>>>>>

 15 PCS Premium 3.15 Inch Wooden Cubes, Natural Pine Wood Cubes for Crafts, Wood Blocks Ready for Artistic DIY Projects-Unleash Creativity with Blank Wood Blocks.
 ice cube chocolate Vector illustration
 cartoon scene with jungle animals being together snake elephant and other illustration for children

<<<<<
>>>>>

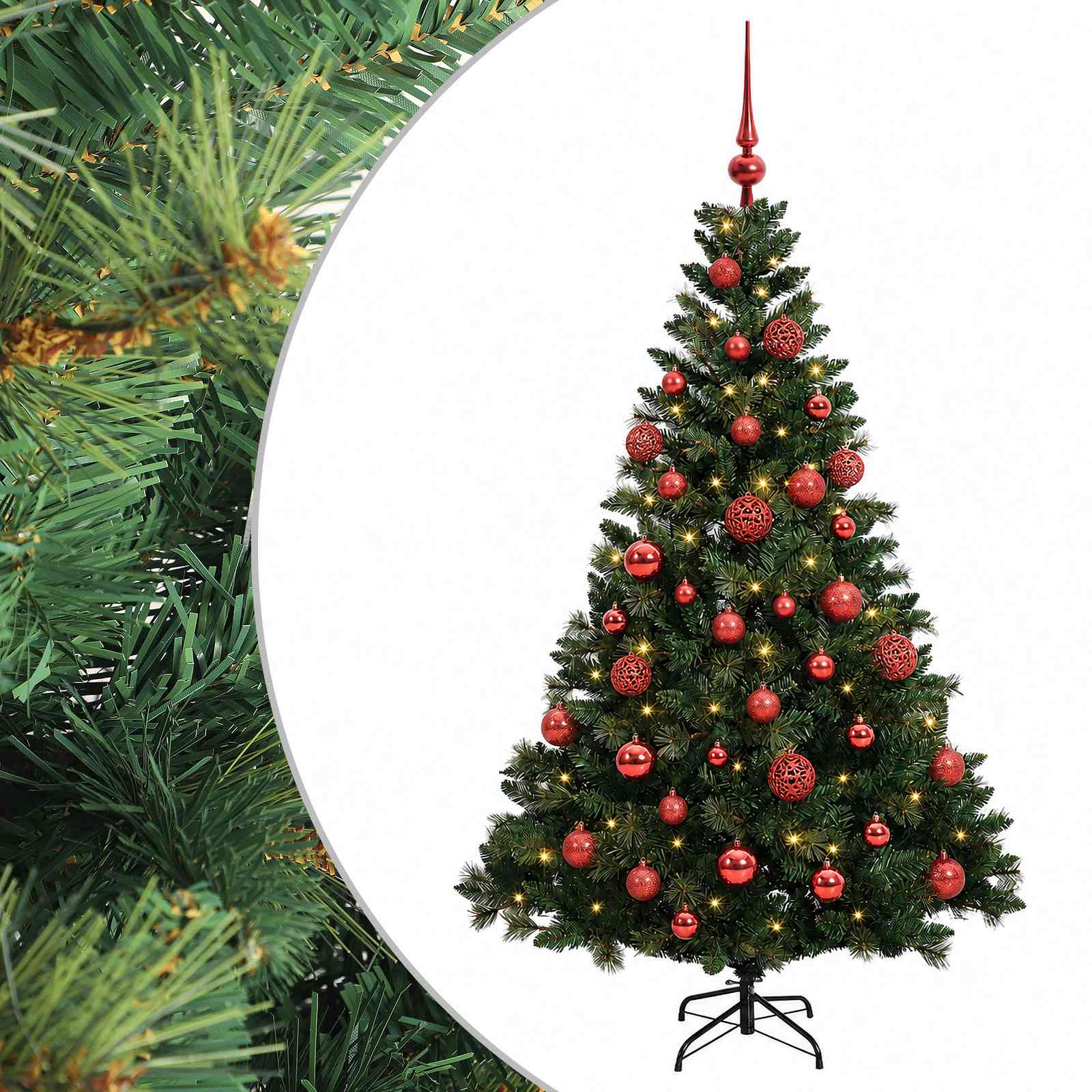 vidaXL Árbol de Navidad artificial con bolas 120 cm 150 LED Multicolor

<<<<<

* TASK ITEM *
Each line in the listing that contains "illustration" should be returned.

* TASK SOLUTION *
 ice cube chocolate Vector illustration
 cartoon scene with jungle animals being together snake elephant and other illustration for children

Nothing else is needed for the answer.